XX Week of Ordinary Time – Year II
Saint Bartholomew, Apostle
Rev 21: 9-14; Ps 144; Jn 1: 45-51

In the name of the Father, the Son and the Holy Spirit.

The grace of Our Lord Jesus Christ, the love of God the Father and the communion of the Holy Spirit be with you all.

We celebrate the feast of Saint Bartholomew the Apostle. We celebrate, like every Saturday, the resurrection vigil and, like every Saturday, what we experience every day. We bring our entire day to the Holy Mass, the passages we have made, those we have failed to make – because there are also those, I at least almost always have those -, but we recognize them as obligatory passages, passages of freedom, passages of life. On Saturday, to all this is added: it is a resurrection vigil, it is a memorial. It is a memorial every day, but Saturday acquires a special grace. That is why we always offer it according to the intentions of Mary Most Holy and offer ourselves for Her intentions.

We have sung “Il tuo nome salva1, we celebrate the Eucharist, and yet, I will say it later, what is it that we always miss that we do not feel saved and that in the Eucharist we do not receive all the power of the Risen Lord? There is a limit, there is something, there is a veil, I do not know what it is. We know that the Mass – the Eucharist, the Holy Mass, the Sacrifice – is the only thing that saves the world. We have the opportunity to participate in the salvation of the world. We get, rightly, involved in many difficult situations: one who is sick, one who has a pain. And from a situation where the Lord Jesus is saving the world, do we get involved in the same way? I also mean emotionally.
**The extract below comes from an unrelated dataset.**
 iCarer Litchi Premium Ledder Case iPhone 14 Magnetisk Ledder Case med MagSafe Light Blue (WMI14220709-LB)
We are affected by so many things; but Jesus Christ, who once again is willing – He would – to go up on the cross for us, leaves us quite indifferent. I believe this is the trouble of the world.

So let us present ourselves with those situations that lead us away from the center of life. The center of life is this. Everything that leads us away from this, for me is sin; everything that leads us away from this leads us to survive, not to live; everything that leads us away from this is the cause of all our evils, because this should be the place where we let go of all these evils in order to go out resurrected. If that does not happen, it is not Jesus’ fault.

So let us get ready.

O Mother, You have shown us the way, You have shown us life, You have explained to us far and wide what You want from us, You have explained to us what life is; You have even taken it upon yourself to give us all the directions, from “God exists” onwards, for the centenary of your apparitions in Fatima2. You explained everything. We cannot say that we do not know, that we lack the light, or we lack to know what we must do.
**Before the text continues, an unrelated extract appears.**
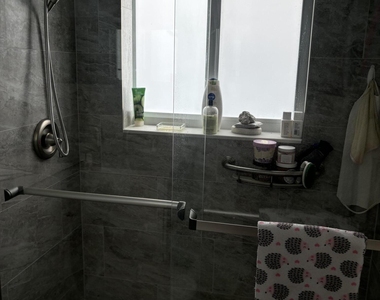 326 Andover - Photo Thumbnail 8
Once again I wish to place in your Heart all those steps of resurrection that, it is not that we cannot do them, we do not want to do them; all that we do not let go, all that we hold, what we hold within us and also around us; all the life that we want to guide, and we do not let God guide it, therefore we do not rise. Help us also today to let go of a part of our way of thinking, of our ideas, of a part of our strength.

And may God Almighty have mercy on us, on this humanity, forgive us all our sins and lead us to eternal life.
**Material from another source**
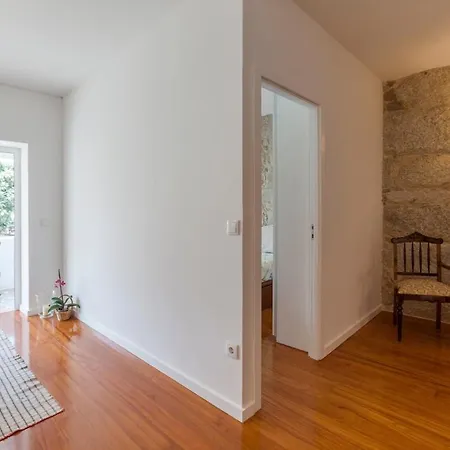 Stunning Designer Flat With Balcony Heart Of * Oporto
With the Gospel’s reading of this Sunday3, the 21st, the Capernaum discourse concludes. That discourse where Jesus clearly expresses the Eucharist: eating His Body and drinking His Blood. Some said, “It is a hard discourse. Who can understand it?” It was a discourse that challenged even His disciples, even those who were following Him, to the point that He even turns to the Twelve and says, “Do you want to go too?” He was already putting the dimension of the Eucharist at the center; He was already saying what we are saying: the Eucharist is the only thing – Jesus Christ, because He is in the Eucharist, in the Eucharistic Sacrifice – that can save the world.

If we look throughout history, there has always been a war against Mary Most Holy and against the Eucharist – with more force, with less force, let us speak of us now. There has always been an attempt to diminish the figure of Mary Most Holy, the figure of the Eucharist, to the point that there are Christians who celebrate the Last Supper, but who do not believe in the dimension of the Eucharist.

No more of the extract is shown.